Task goal: Beginning at the line containing "8. Etage über", give again every line through the end of the data, unchanged and with both ends included. Drop any pictures.

[Stored items]
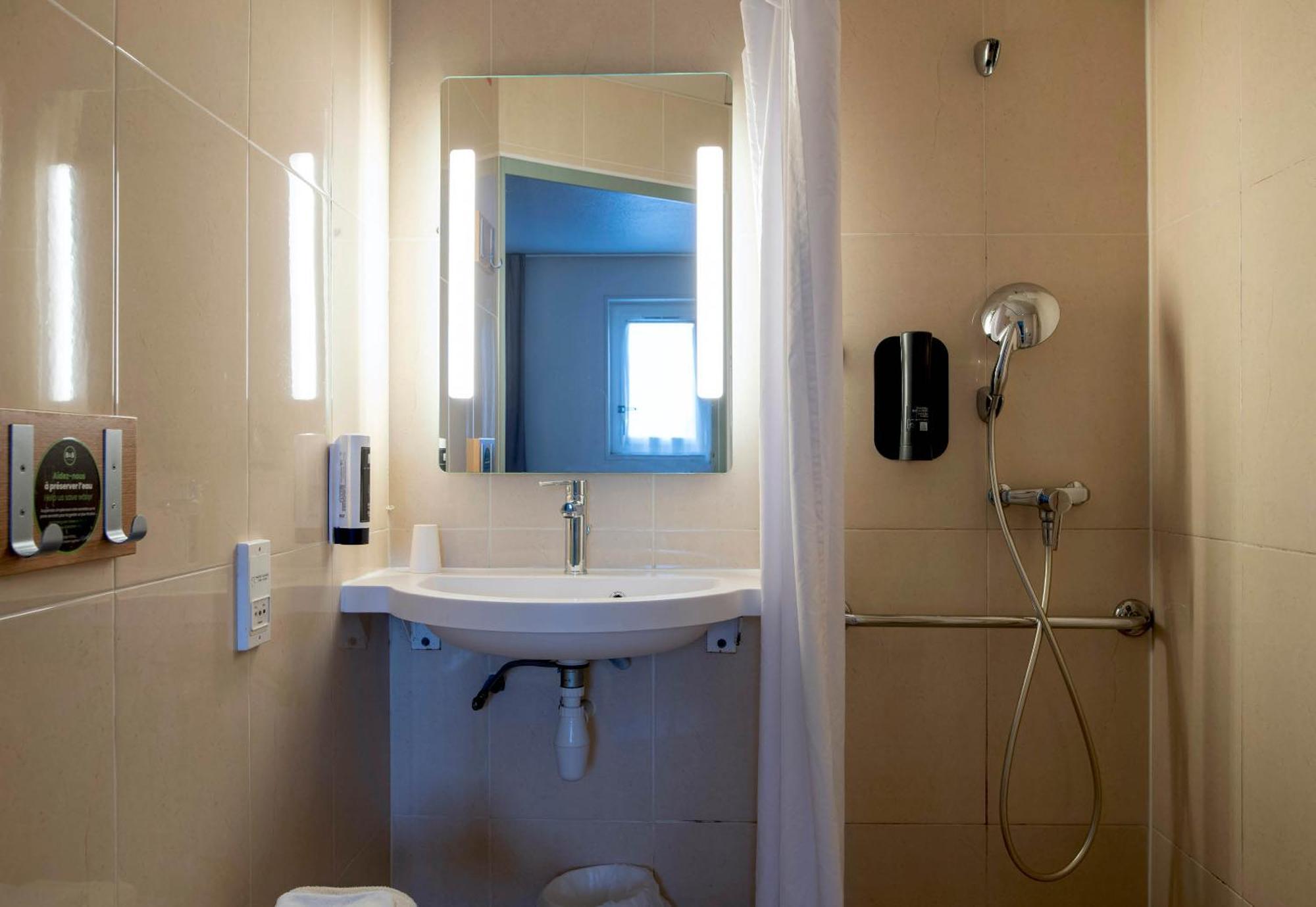 B&B Hotel Avignon 2 르퐁테 외부 사진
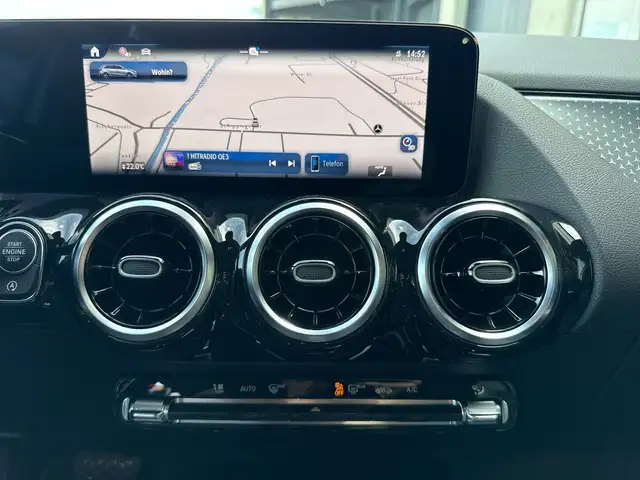 Mercedes-Benz B-Class view 10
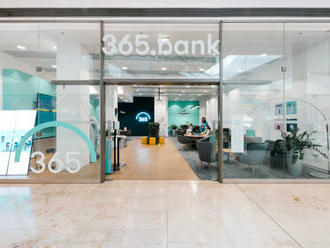 365.bank si naďalej upevňuje svoju pozíciu plnoformátovej banky a rastie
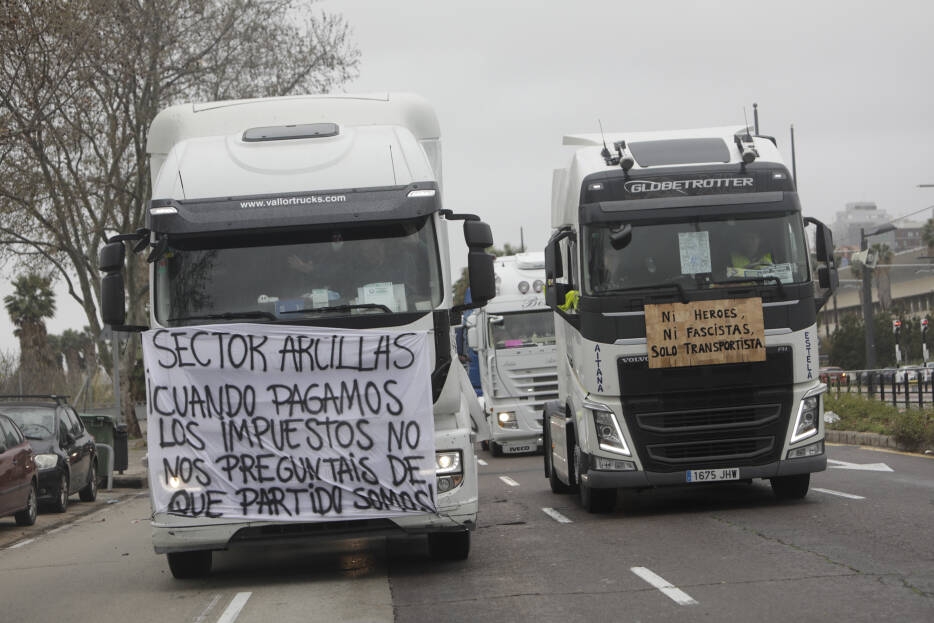 El Gobierno ofrece a los transportistas 500 millones en ayudas directas
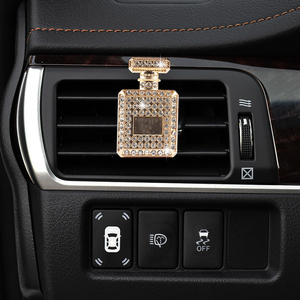 Diamond Perfume Bottle Decor for Car Air <strong>Vent</strong> <strong>Clip</strong> Air Freshener in Auto Interior Decoration Car Aroma <strong>Diffuser</strong> Car Accessories - Product Image 4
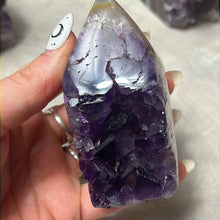 Load image into Gallery viewer, A Amethyst Agate Tower Points
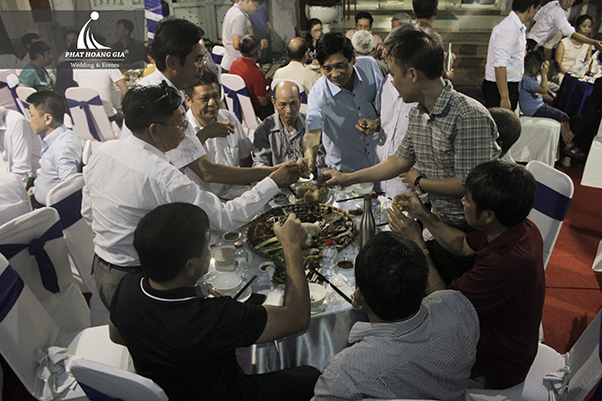 Tất niên công ty Thái Bình Dương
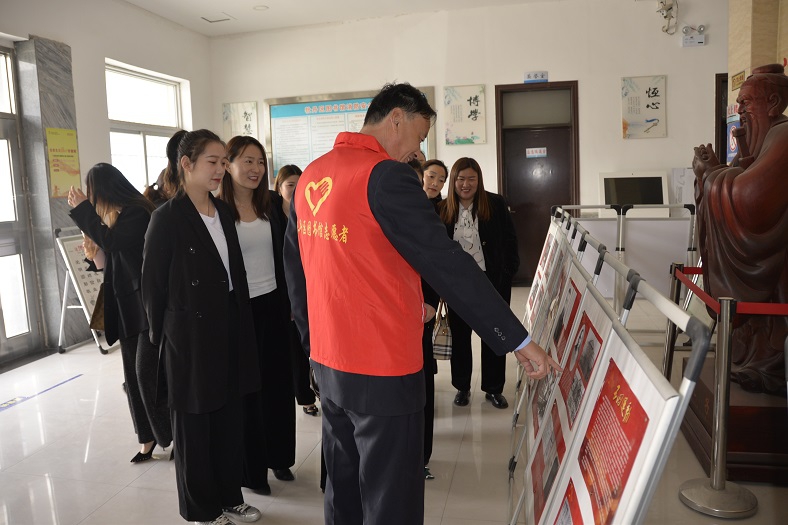 缩小.2021-4-30 纪念五四运动挂画展 (10).jpg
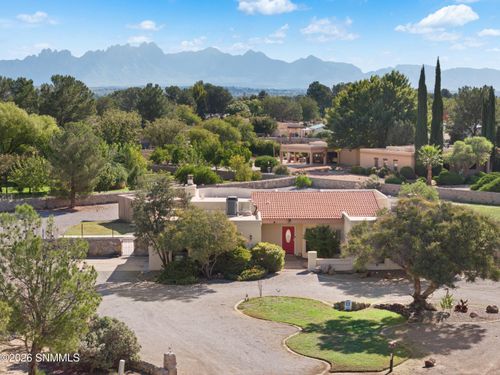 150 Horseshoe Cir, Las Cruces, NM, 88007-4580 | Card Image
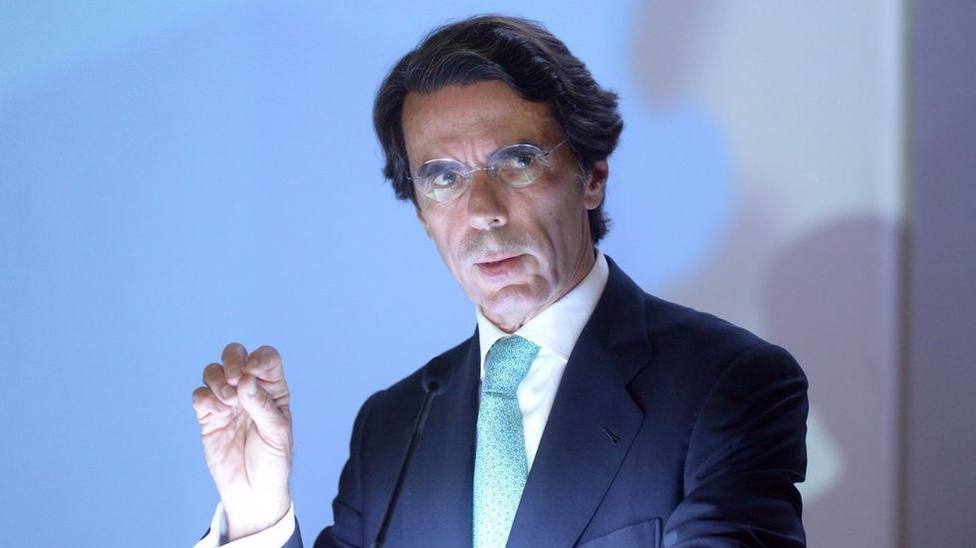 Aznar apela al voto útil y tacha a Sánchez de candidato secesionista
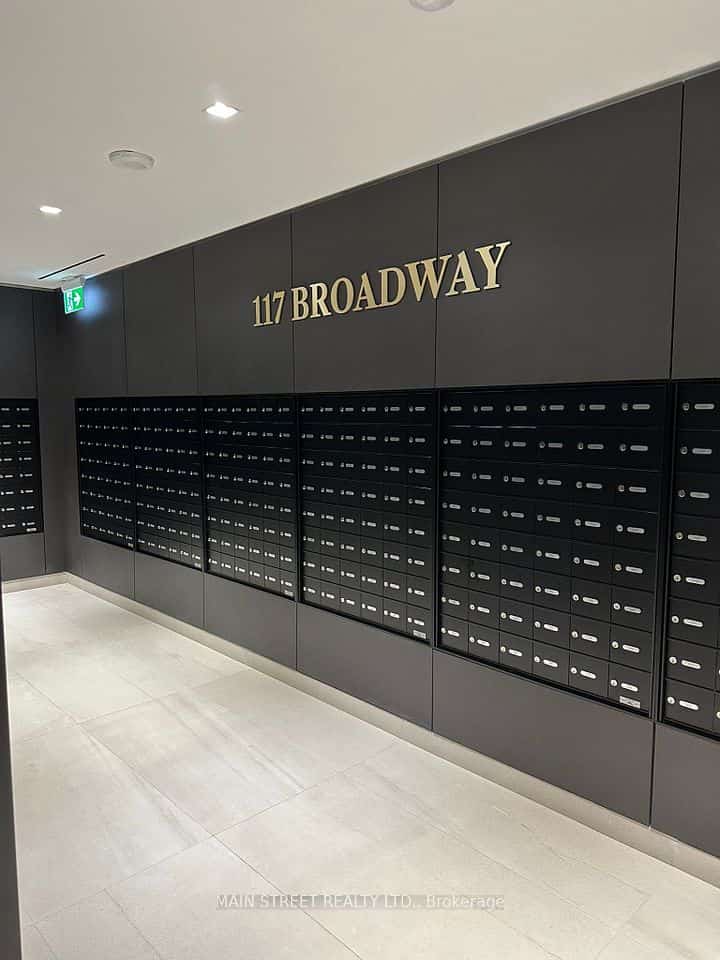 117 Broadway Avenue #2207, Toronto, ON M4P 1V3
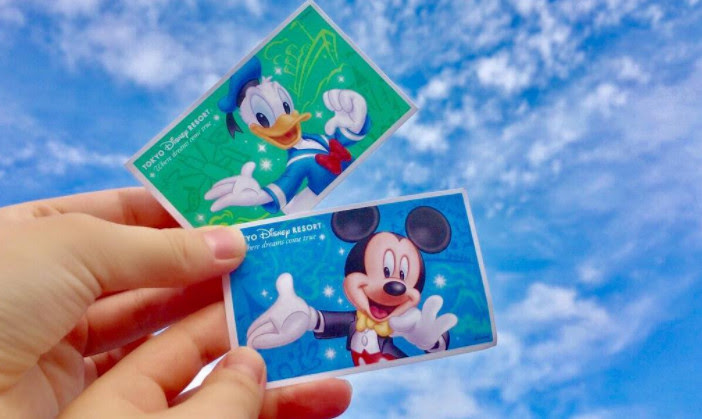 ディズニーのチケット サプライズでの渡し方とは 彼氏も彼女もご注目 にっこりっか 保育士による子育て情報ブログサイト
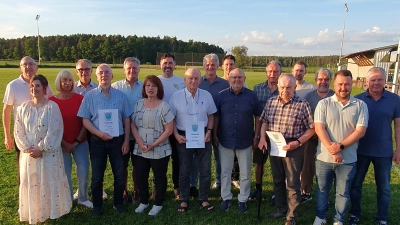 von Links: Mario Hellerl, 3. Vorständin Kristina Bürzer, Gabriele Strobl, Bürgermeister Hermann Böhm, Erwin Schwendner, Karl Rösch, neues Ehrenmitglied Erika Behrend, Gerald Schmidt, Werner Mühling, Martin Rösch, Sebastian Scharl, Karl-Heinz Cislaghi, Eduard Lehmeier, Herbert Kneidl, Michael Behrend, Bertram Groher, 2. Vorstand Alexander Steinhof und neues Ehrenmitglied Thomas Grabinger. (Bild: Thomas Grabinger)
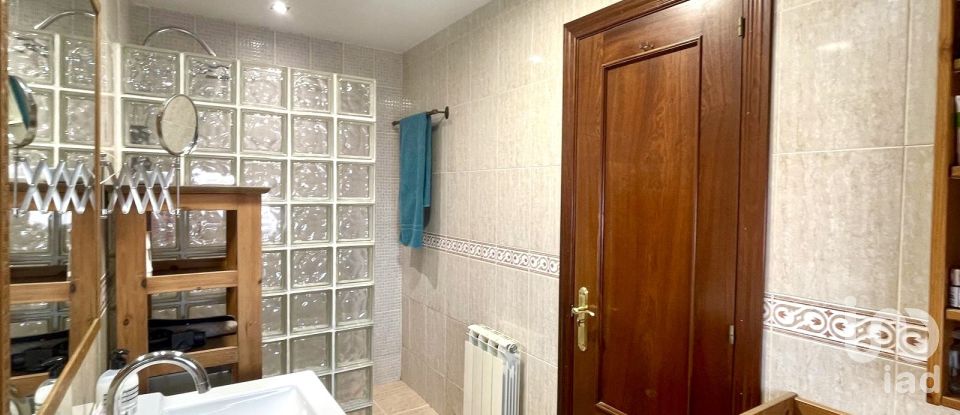 Casa 5 habitaciones de 210 m² en Puente Villarente (24226)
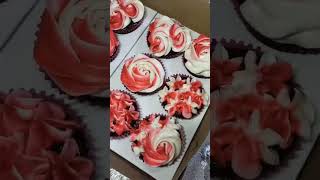 2 Easy design  1 Nozzle cupcakedecorating cakedecoratingideas cakedecoratingtutorials short [upl. by Sirrap]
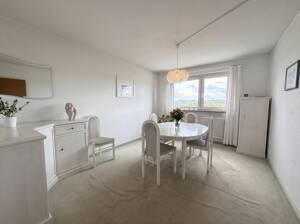 8. Etage über Reutlingen - 4-Zimmer-Wohnung mit zwei Balkonen! – 72760 Reutlingen – Vorschaubild 3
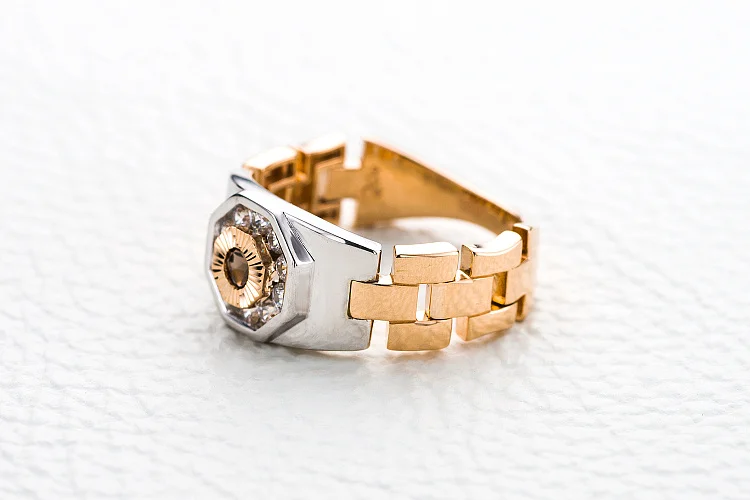 Печатка из красного золота с раухтопазом и 10 фианитами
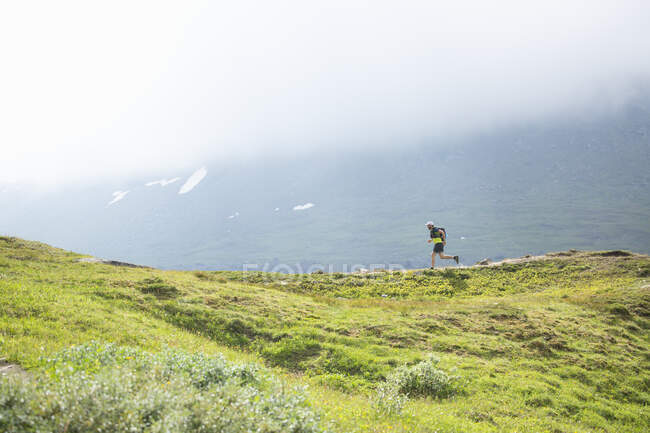 Зрелый мужчина бегает по горам — стоковое фото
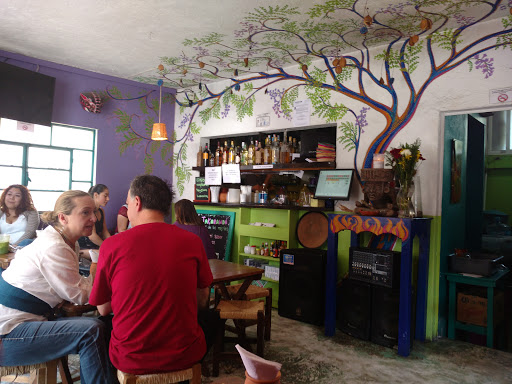 Jacaranda Mojito bar Y Cafe, Del Tepozteco 18B, Santisima Trinidad, 62520 Tepoztlán, Mor., México, Bar | MOR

Task answer:
 8. Etage über Reutlingen - 4-Zimmer-Wohnung mit zwei Balkonen! – 72760 Reutlingen – Vorschaubild 3
 Печатка из красного золота с раухтопазом и 10 фианитами
 Зрелый мужчина бегает по горам — стоковое фото
 Jacaranda Mojito bar Y Cafe, Del Tepozteco 18B, Santisima Trinidad, 62520 Tepoztlán, Mor., México, Bar | MOR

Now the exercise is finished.